After spreading the frosting, can I put blueberries, so it will be….RED VELVET BLUEBERRY CHEESE CAKE? Thanks
My attempt at this delicious-looking cheesecake is currently cooling ready for the fridge before it is unveiled at my first ever solo early-Christmas dinner party tomorrow. So far so good! It looks amazing except one teeny weeny thing…it’s not red! So it turns out, over here in England, our red food colouring is a weakling compared to its American counterpart because after emptying 2 larger bottles of the stuff (1.3oz each!) the cheesecake is, at best a …deep purple-y brown. This is kind of my luck with first-time recipes though but thought I would share the issue just in case any other Brits try this recipe out – Be warned! (Lori, is there a stronger type of colouring that could be used?).
Anyways, thanks for the recipe and I am definitely looking forward to my Purple Velvet Cheeesecake 🙂
oh nooooo! There is a color gel that you can get in the states that is more concentrated than the liquid drops. Perhaps you have access to something like that?
Sounds like its going to be fabulous. My girlfriend told me about this last year but her recipe involved making two cakes and putting cheesecake between red velvet. I am sorry I found this today, Thanksgiving. But I will make one tomorrow to practice for our Christmas gathering. I’m the resident baker. Happy Holidays and thanks so much! Dee
I’m going to try this next time to see if I have success with this method. Thanks!

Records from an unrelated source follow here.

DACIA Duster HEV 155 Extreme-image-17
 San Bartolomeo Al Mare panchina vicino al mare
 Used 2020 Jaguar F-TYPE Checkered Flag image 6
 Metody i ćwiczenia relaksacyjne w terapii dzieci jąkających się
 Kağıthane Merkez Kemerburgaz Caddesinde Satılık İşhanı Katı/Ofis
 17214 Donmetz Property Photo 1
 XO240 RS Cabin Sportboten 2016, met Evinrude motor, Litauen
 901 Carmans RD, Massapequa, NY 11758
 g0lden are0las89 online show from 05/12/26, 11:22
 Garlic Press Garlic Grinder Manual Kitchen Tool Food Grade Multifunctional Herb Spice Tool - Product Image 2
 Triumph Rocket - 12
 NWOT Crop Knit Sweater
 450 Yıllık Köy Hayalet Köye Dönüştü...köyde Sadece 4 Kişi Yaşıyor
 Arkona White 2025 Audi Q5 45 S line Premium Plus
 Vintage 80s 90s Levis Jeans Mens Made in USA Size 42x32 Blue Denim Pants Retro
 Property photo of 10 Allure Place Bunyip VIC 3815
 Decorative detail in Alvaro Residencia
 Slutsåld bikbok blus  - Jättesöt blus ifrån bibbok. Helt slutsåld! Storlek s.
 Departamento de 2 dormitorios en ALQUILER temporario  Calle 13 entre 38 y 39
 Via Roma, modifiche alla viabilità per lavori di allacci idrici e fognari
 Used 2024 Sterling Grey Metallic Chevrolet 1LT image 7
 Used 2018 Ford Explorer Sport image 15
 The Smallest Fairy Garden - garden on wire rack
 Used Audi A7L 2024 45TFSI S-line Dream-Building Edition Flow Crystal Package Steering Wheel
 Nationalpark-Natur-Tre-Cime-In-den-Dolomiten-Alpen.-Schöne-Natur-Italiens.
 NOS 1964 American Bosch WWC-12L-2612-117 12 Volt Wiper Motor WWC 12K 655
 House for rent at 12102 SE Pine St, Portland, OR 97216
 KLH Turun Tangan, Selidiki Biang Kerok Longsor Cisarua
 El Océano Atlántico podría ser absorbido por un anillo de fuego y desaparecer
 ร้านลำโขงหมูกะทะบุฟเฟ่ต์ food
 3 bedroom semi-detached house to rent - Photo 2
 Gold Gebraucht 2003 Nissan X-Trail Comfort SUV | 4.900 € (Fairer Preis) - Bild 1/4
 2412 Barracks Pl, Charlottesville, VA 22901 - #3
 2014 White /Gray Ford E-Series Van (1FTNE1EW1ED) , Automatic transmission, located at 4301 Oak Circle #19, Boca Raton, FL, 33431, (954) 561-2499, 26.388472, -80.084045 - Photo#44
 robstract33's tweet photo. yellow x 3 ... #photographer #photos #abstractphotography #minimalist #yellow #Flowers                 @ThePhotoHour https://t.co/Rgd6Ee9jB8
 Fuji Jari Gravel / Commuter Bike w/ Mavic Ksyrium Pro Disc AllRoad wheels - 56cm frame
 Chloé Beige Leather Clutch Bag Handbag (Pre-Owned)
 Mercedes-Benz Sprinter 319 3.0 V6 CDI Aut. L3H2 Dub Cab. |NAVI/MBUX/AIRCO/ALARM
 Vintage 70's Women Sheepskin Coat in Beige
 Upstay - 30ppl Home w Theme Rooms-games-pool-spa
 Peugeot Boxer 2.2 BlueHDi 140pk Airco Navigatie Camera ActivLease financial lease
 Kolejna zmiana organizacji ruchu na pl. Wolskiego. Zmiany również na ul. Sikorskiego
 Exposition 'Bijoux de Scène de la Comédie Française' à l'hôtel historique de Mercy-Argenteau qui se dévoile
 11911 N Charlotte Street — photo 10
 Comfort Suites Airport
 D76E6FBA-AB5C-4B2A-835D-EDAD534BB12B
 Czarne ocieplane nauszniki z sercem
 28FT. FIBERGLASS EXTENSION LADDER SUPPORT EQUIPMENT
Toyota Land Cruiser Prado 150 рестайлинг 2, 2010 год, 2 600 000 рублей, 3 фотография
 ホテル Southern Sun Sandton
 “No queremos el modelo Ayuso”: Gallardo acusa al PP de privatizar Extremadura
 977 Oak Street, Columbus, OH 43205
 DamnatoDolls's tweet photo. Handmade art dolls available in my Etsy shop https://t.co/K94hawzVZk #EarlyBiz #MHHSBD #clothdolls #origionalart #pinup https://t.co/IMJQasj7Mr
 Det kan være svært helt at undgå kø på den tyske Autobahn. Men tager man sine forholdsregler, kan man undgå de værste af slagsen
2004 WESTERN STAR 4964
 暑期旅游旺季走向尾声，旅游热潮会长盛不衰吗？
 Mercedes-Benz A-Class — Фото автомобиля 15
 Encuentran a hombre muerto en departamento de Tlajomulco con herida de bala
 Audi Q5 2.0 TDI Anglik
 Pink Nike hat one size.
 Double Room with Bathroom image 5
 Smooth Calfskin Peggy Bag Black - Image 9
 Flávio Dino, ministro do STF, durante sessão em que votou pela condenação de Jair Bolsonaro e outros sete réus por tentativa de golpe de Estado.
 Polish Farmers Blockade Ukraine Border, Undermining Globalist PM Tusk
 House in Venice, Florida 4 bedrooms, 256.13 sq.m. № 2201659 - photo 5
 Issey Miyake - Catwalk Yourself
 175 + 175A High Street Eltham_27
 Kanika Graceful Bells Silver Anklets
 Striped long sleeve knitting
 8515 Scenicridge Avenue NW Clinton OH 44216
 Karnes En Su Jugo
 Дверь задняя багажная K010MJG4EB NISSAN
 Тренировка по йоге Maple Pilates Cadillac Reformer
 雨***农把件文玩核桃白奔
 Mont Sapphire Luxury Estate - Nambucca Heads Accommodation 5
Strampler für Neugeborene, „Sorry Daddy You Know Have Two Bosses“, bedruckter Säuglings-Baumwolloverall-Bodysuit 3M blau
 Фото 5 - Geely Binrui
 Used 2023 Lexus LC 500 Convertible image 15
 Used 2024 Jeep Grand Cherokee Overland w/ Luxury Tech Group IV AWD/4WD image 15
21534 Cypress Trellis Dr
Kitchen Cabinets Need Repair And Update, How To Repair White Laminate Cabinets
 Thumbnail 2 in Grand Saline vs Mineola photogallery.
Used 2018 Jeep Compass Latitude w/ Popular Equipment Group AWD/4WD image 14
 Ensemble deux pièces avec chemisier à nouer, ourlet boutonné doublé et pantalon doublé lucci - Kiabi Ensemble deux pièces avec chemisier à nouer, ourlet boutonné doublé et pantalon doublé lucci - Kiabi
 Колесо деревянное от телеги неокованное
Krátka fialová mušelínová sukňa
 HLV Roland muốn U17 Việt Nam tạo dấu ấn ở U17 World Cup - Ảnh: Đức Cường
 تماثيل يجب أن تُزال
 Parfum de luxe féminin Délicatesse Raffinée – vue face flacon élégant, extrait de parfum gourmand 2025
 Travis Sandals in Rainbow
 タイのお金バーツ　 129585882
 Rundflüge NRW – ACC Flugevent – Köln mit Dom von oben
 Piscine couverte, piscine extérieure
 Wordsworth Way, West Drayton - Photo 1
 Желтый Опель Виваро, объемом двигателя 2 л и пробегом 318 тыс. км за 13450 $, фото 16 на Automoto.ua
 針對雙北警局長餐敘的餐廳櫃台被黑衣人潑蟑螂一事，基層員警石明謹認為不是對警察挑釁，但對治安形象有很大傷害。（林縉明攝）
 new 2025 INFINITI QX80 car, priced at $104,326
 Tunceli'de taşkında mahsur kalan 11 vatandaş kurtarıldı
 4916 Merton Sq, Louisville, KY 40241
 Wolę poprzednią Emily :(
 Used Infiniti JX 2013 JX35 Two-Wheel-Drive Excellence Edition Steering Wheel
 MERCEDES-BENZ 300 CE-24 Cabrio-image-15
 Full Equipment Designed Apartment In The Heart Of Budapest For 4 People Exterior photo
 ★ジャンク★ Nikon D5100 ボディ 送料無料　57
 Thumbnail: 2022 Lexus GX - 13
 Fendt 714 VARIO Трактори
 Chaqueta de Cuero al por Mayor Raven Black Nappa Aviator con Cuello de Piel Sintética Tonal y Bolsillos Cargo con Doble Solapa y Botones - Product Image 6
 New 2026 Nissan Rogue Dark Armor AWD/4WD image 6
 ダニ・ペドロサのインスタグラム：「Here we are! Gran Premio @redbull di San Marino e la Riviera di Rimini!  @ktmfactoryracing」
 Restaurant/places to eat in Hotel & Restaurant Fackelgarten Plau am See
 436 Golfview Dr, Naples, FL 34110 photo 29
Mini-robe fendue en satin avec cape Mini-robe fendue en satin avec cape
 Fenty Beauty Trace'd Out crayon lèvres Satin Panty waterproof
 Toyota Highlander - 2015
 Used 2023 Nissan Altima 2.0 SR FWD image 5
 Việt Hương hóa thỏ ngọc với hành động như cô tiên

Turned out amazing! I made one cheesecake for us and the other I sold it to a coworker for for her and her family to enjoy on Tuesday. Such a beautiful cheesecake. I WILL MAKE IT AGAIN! Thank you so much for this recipe.
I made this yesterday for a family party today. It was my first attempt at making cheesecake, and I was AMAZED at how good it is! This will definitely become one of those things that I take to family functions on a regular basis.
I am making this cheesecake right now! Ohy vey! It’s beautiful! I substituted the frosting for whipped cream!
Made this yesterday, it is awesome. You get the best of two worlds, a red velvet cake and cheesecake. My dinner guests loved it.
I made this for our family gathering at Christmas. My daughter in law had been after me for several months to make a red velvet cheesecake. This turned out fabulous. I believe the water bath helped to make the cheesecake extra moist and I had a number of people almost fighting over the last piece.
My wife is giving a baby shower later this month for her cousing and they want me to fix this for the baby shower only substituting blue food coloring for the red (she is having a boy). Do you see any problems with making the cake blue?
I think it would be fine! Blue Velvet Cake!
Making it for my husbands birthday since cheesecake and red velvet are his favorites. I split the cheesecake batter and did only half with the red color and cocoa and then swirled them together. It is very pretty and seems to work just fine.
Would it be possible to seprate the batter half and half, only make half red velvet and the other half plain? Then pour red velvet over the plain and then bake it. Do you think it would run together or stay seprate? Thank you!
Hard to say since I haven’t tried it that way. I would guess that if you were very careful about gentle swirling, it might be okay.
hi, my cheesecake is in the oven right now so fingers crossed =) i just was looking at other websites as well and i was wonderin if anybody had trouble with removing the cake from the springfoam pan? some websites asked to line the bottom with parchment paper and to grease the sides but i didnt.. will i have some trouble with taking if off the pan?
I’m probably too late in answering your question. Putting parchment on the bottom certainly helps. How did it work out for you?
This is a wonderful and fun recipe. Everyone loved it and was great fun to do and present. I recommend this!
I really enjoyed this cheese cake, Everyone at the birthday party like and was amazed there was no cracks in the top. I ended up using a 10 inch round cake pan to keep the water out of spring pan.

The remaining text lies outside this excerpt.